In this edgy environment, the wisest business lobbyists agree the way to get things done is to generate popular pressure on the right members--particularly moderate and conservative Democrats in the Senate, many facing tough reelection challenges in 1994. Topping many target lists: Louisiana's Breaux and J. Bennett Johnston, Oklahoma's David Boren, Georgia's Sam Nunn, Alabama's Howell Heflin, Florida's Bob Graham, Arizona's Dennis DeConcini, Wisconsin's Herb Kohl, Nebraska's James Exon and Bob Kerrey, and Connecticut's Joseph Lieberman. They hold the balance of power in Clinton's Washington.
What will move them? Not money, say insiders. The average cost of winning a congressional seat is so high ($545,000 in the House and $3.5 million in the Senate) and the limits on PAC contributions are so low ($5,000 per election) that all money buys you is a ticket to the show. What counts are constituents. A recent Gallup survey for Bonner & Associates found that direct communications from constituents--letters, calls, meetings with leaders of local businesses and groups, or just plain folks--are by far the most effective way to influence a member's votes.
Generating public pressure seems easier than ever. People are worried, particularly about the economy, and thanks to Ross Perot, Rush Limbaugh, and Clinton himself, voters seem more willing to speak their minds to Washington. In the first six months of 1993 Congress was deluged with 16.7 million calls, up from only 11.4 million in the same period last year. On an average day, 2,500 people phone the White House, while another 2,000 send computer mail.
Surely many calls are spontaneous. But thousands of others are generated by special interests, including business. Take the BTU campaign. Opponents used the most effective argument against any legislative proposal today: that it would cost jobs. The National Association of Manufacturers estimated the potential loss at 600,000 nationally. To drive that message home, the anti-BTU-tax coalition produced separate estimates for key states. "We had never done such targeted economic analysis," says Jasinowski. "That made a big difference."
So did the coalition's grassroots strategy. As long as the NAM and the American Petroleum Institute were the only visible BTU critics, they got nowhere. But when they organized more than 2,000 small and medium-size companies, farm organizations, and consumer groups into the American Energy Alliance, what had once appeared a typical big-business lobby was transformed into a grassroots movement. Coalition leaders then used local rallies, press conferences, phone banks, fax machines, TV and print ads, and appearances on radio talk shows to generate an avalanche of calls and letters to swing Senators. In the end, even Clinton's attacks on the oil industry for "trying to wiggle out of its contribution" could not stand up to angry constituents.
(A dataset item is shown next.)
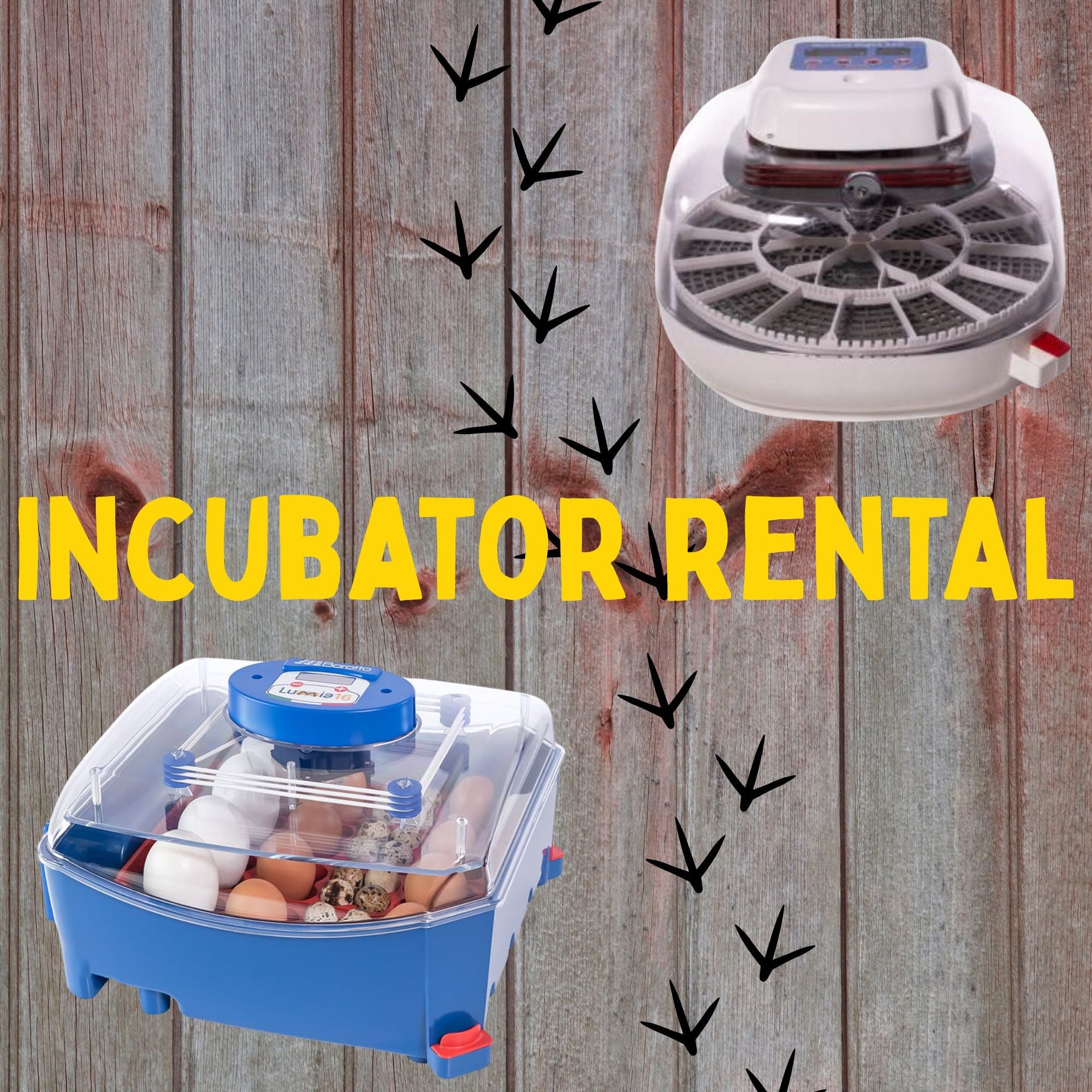 Rent an Incubator – Hatch Rare Breeds at Home! - Cluck It All Farms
Now, as the House and Senate budget reconciliation bills head toward conference, every group whose ox is still getting gored is looking to replicate the Energy Alliance's success. Not all groups will get all they want. But the lesson for business from the first months of the Clinton era is clear: Go directly to the people, and persuade them with pocketbook logic and tug-at-the-heartstrings emotion that U.S. jobs are at stake, and you can move Congress and the President.